(Beginning of DATASET EXTRACT)
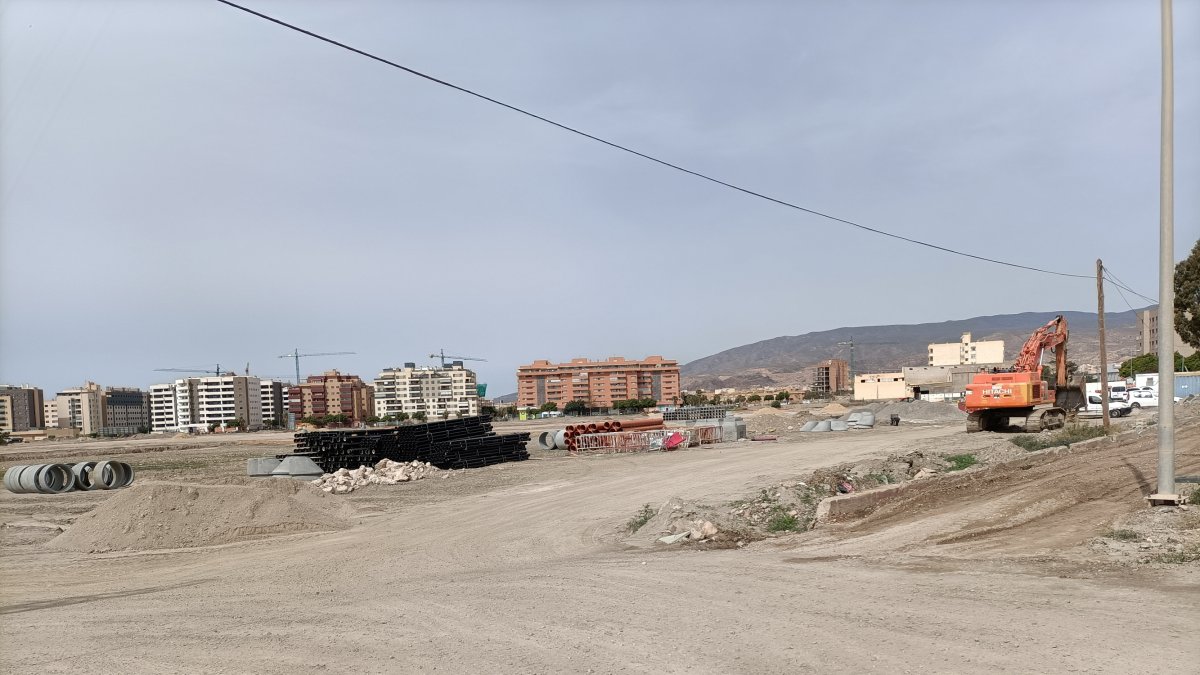 Los trabajos se concentran en estos momentos en la colocación de las canalizaciones para la llegada de pluviales, saneamiento y electricidad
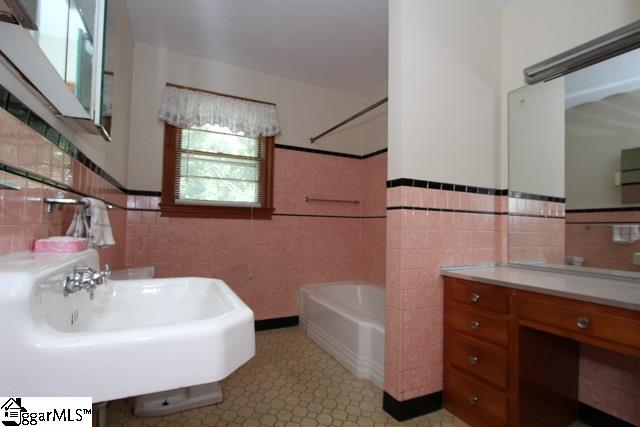 2400 Old Easley Bridge Road Greenville, SC 29611 - Photo 19 of 27 Gallery Image 19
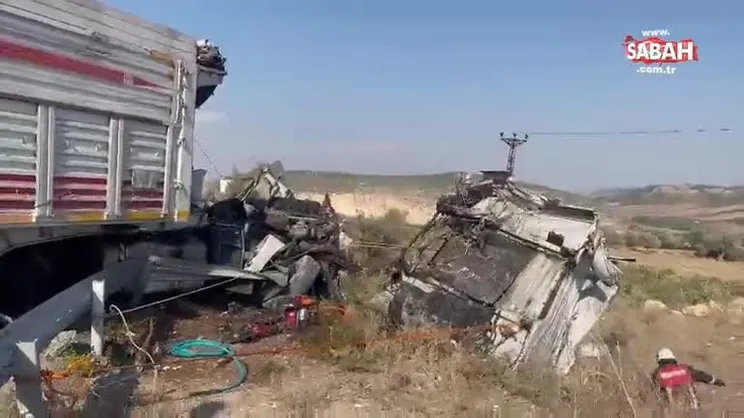 Tarsus Ankara yolunda iki tır çarpıştı: 2 yaralı | Video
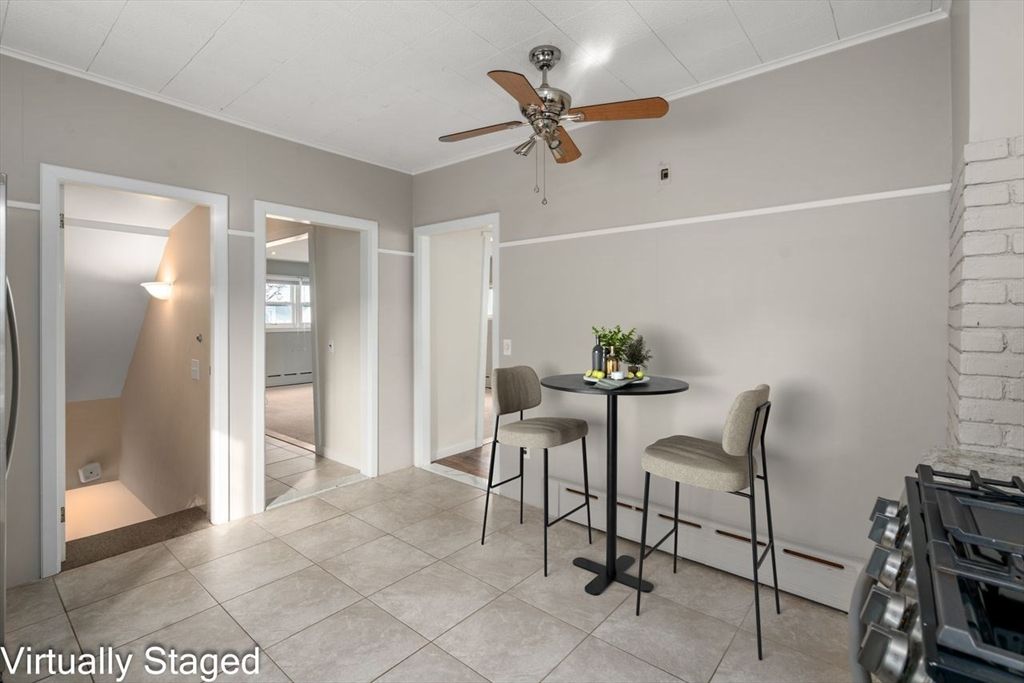Dining room, Interior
(End of DATASET EXTRACT)
#### [ACTIVITY]
Where a picture appears, skip it and copy the rest of the data word for word.

#### [ANSWER TO THIS TASK]
 Los trabajos se concentran en estos momentos en la colocación de las canalizaciones para la llegada de pluviales, saneamiento y electricidad
 2400 Old Easley Bridge Road Greenville, SC 29611 - Photo 19 of 27 Gallery Image 19
 Tarsus Ankara yolunda iki tır çarpıştı: 2 yaralı | Video
Dining room, Interior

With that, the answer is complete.